> **ACTIVITY**: Repeat the records below exactly from the line containing "Marque Shoe High" to the line containing "O - Collectible", taking in both of those lines. Drop the pictures.

> **DATA EXTRACT**:
####################

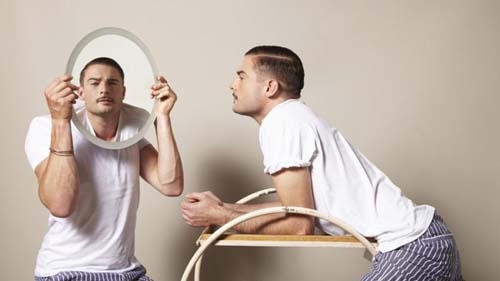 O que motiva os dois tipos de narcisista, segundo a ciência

####################

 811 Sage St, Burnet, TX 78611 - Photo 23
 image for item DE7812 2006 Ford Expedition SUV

####################

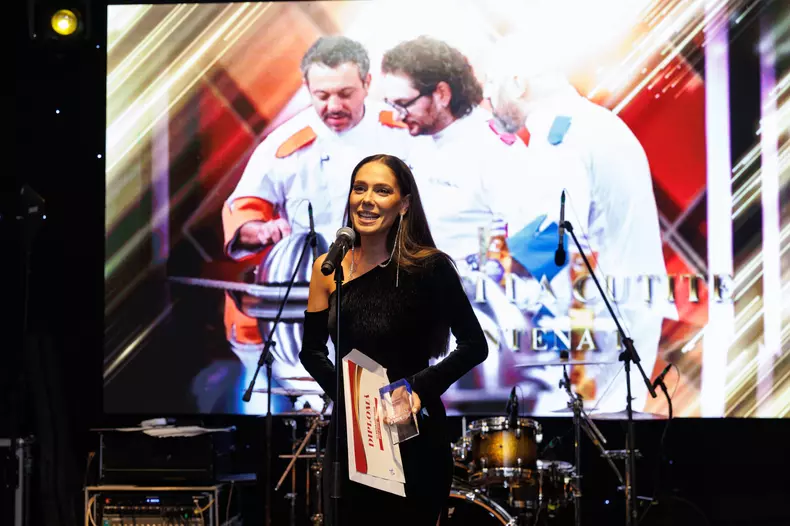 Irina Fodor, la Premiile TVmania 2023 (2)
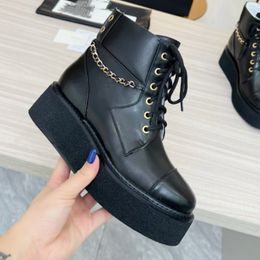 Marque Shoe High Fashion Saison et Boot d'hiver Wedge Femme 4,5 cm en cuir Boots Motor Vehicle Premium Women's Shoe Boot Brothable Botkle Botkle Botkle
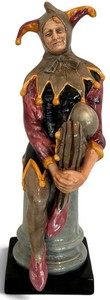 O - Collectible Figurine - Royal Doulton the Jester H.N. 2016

####################

> **ANSWER TO THIS TASK**:
 Marque Shoe High Fashion Saison et Boot d'hiver Wedge Femme 4,5 cm en cuir Boots Motor Vehicle Premium Women's Shoe Boot Brothable Botkle Botkle Botkle
 O - Collectible Figurine - Royal Doulton the Jester H.N. 2016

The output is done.